[Data segment]
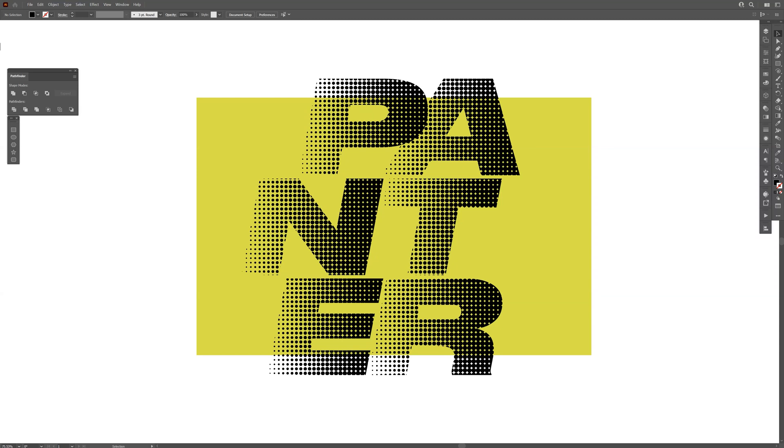Hey what's up, this is Rob from Panther and today we're going to check out a sporty looking halftone text composition in Illustrator.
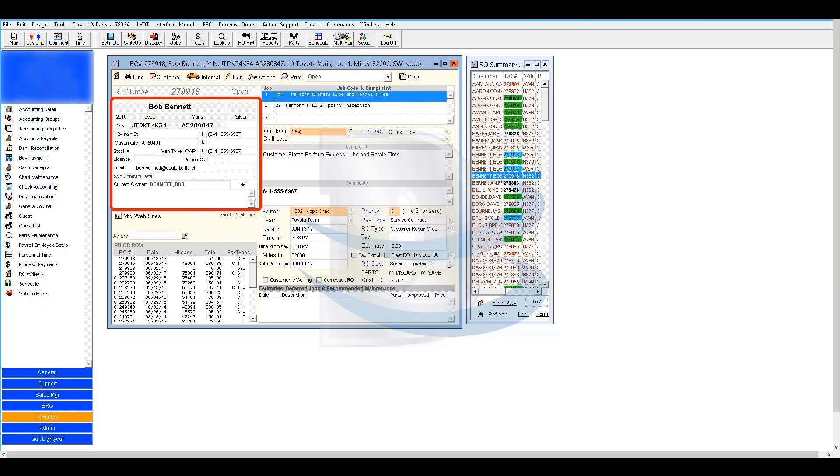It will repopulate the information section in the write-up window. Congratulations, you have successfully learned how to edit a customer vehicle record.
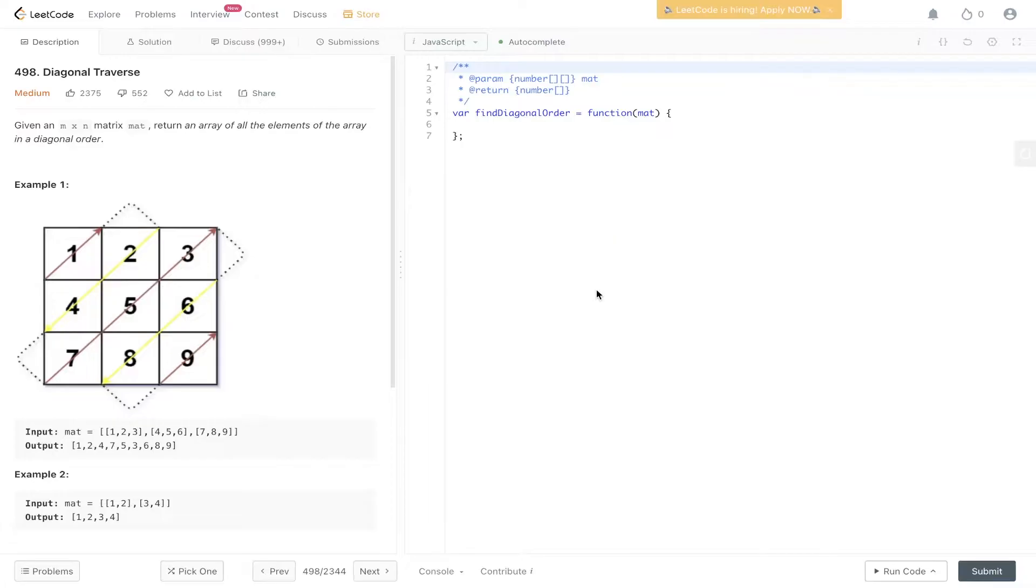So given an n by n matrix, mat, return an array of all the elements of the array in a diagonal order.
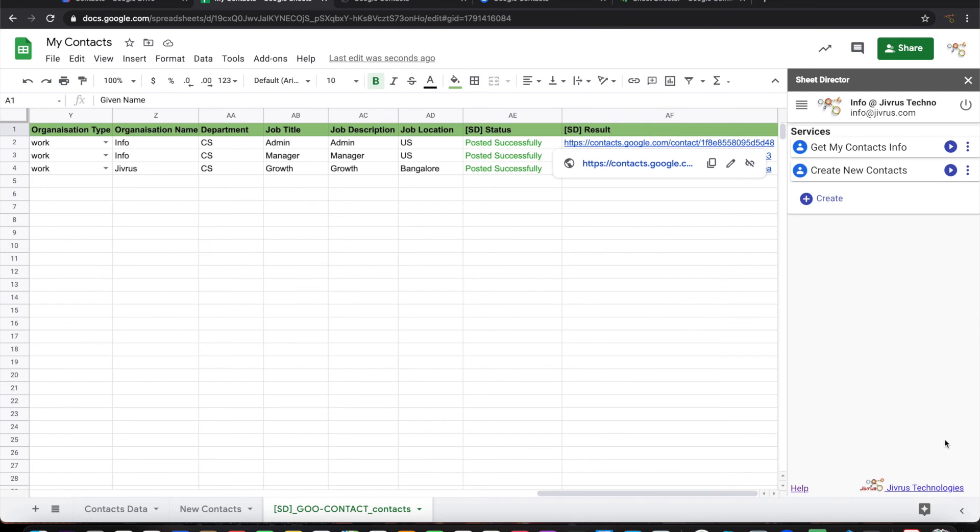So it is that simple to use Sheet Director to query contact information and present it in Google Sheets, as well as post the Google Sheets data into Google Contacts application. Thank you.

[Task item] Please copy out each line above exactly as written, but not the pictures.

[The completed task]
Hey what's up, this is Rob from Panther and today we're going to check out a sporty looking halftone text composition in Illustrator.
It will repopulate the information section in the write-up window. Congratulations, you have successfully learned how to edit a customer vehicle record.
So given an n by n matrix, mat, return an array of all the elements of the array in a diagonal order.
So it is that simple to use Sheet Director to query contact information and present it in Google Sheets, as well as post the Google Sheets data into Google Contacts application. Thank you.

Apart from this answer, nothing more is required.